If you haven’t heard, Frank Ocean wore a T-shirt onstage over the weekend. It wasn’t just any T-shirt; it was a politically charged T-shirt that nobody can stop talking about. The shirt was printed with these words: “Why be racist, sexist, homophobic, or transphobic when you could just be quiet?” Not long after the pictures circulated, posts began appearing online: “Here’s Where You Can Cop Frank Ocean’s Anti-Discrimination Tee” or “Frank Ocean Wore the Rare Political T-Shirt That Doesn’t Suck.” Hot on the heels of those articles came the controversy surrounding the copyright issues of said slogan. The 18-year-old creator of the shirt, Kayla Robinson, cribbed the words from a 2015 tweet by 18-year-old Brandon Male. This cycle of stories questioned whether or not Robinson violated copyright and intellectual property laws and whether or not these laws apply to social media sharing.

Policing copyright and intellectual property laws is always the right thing to do. But in this case, the sentiment behind the statement seems to have gotten lost in the noise. That’s why I reached out to Male to hear why he actually tweeted it back in 2015. As he explains, “Social media is one of the most influential platforms for young people and things can spread so easily. I saw a lot of hate being spread on Twitter, targeted at marginalized people, but also specifically at me and my friends. I don’t remember exactly why I tweeted it, but it was mainly out of sadness and agitation—bigotry spreads like wildfire and that’s the last thing we need, especially in our political climate.” As an openly gay teenager, Male was receiving a lot of discriminatory messages and out of general anger with people’s ignorance, he responded. Currently, it’s been retweeted from his page nearly 30,000 times.

This is where the focus should be, on a brave young kid who stood up for himself and for others like him. And the fact that Robinson wanted to print his words and promote them, even for a small profit—what’s so wrong with that? We can be quick to judge a T-shirt with a political or controversial statement on it: Dior’s Maria Grazia Chiuri received some flack for using Chimamanda Ngozi Adichie’s “We Should All Be Feminists” quote on her Spring 2017 show tees, which resembled those of another no-name line.
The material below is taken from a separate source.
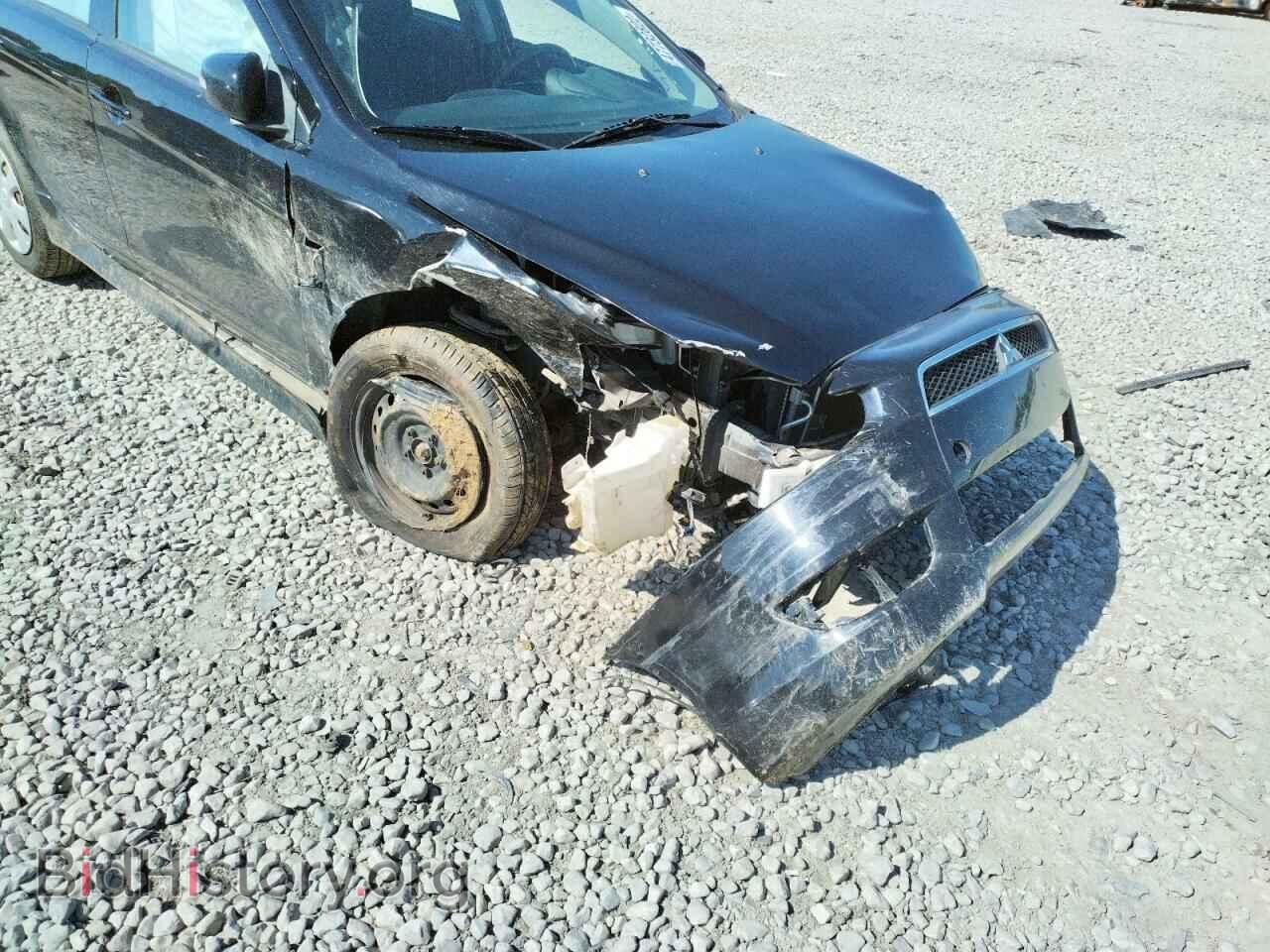 2015 MITSUBISHI LANCER - VIN: JA32U2FU2FU013545 - Фото 9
Prabal Gurung sent out models in slogan tees for his Fall 2017 finale; lauded by fashion editors, they were scrutinized by the larger media pool for their similarities to the original “The Future Is Female” iteration. Political T-shirts are very often only spoken about as stolen property, or they can be called out as “lame,” an appellation, to be honest, that some deserve since they’re blatantly created to profit off of a trending topic. Judging or analyzing these slogan tees can be helpful if they push the conversation forward, not if they sidetrack it.
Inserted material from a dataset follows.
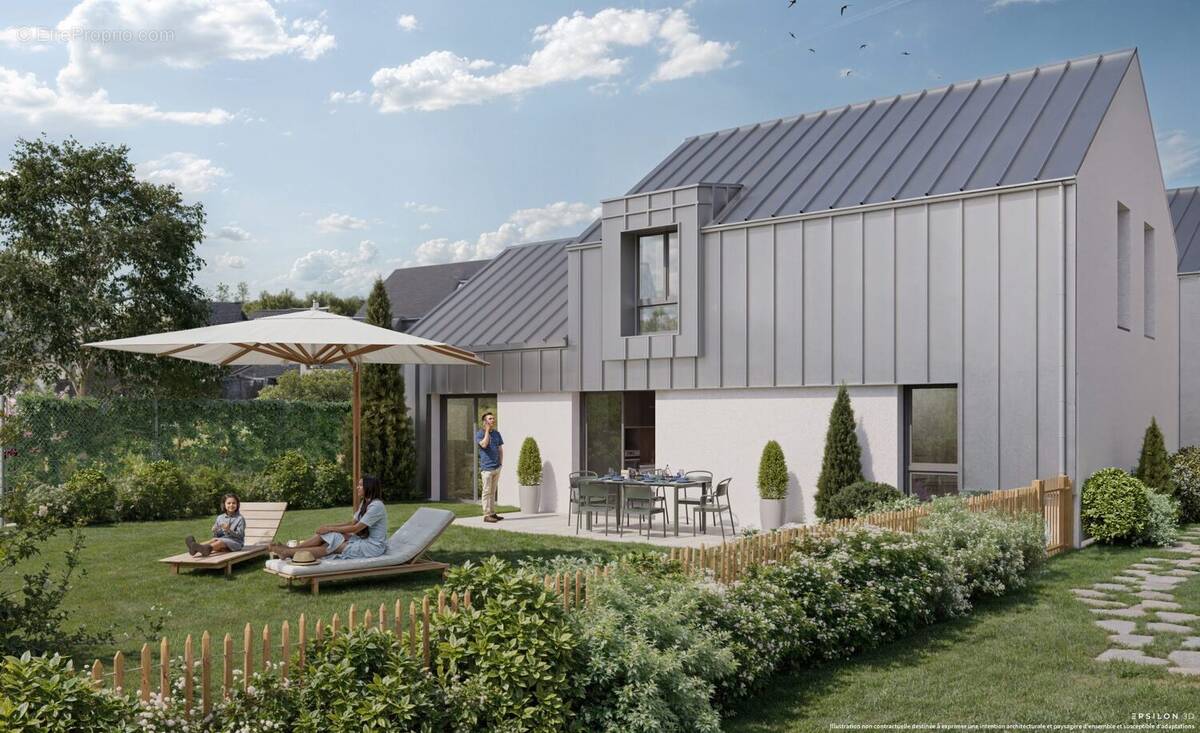 Maison à RENNES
Ocean, who is one of the only openly gay men in the hip-hop business, is typically reserved and doesn’t speak out much in public, but when he does, through music, clothing, or otherwise, he makes waves. He wore a simple T-shirt to tell the world that discrimination should have no voice. Male sent an innocent but impassioned tweet out into the virtual ether, which, eventually, two years later, landed on a T-shirt, appeared onstage at a music festival, sold out, and sparked a massive debate. Don’t get embroiled in that last bit, though. Ocean, Robinson, and Male ultimately want the idea and not the material thing to circulate. “I essentially tweeted those words out of frustration,” Male says. “I did not expect it to get nearly as much attention as it did.”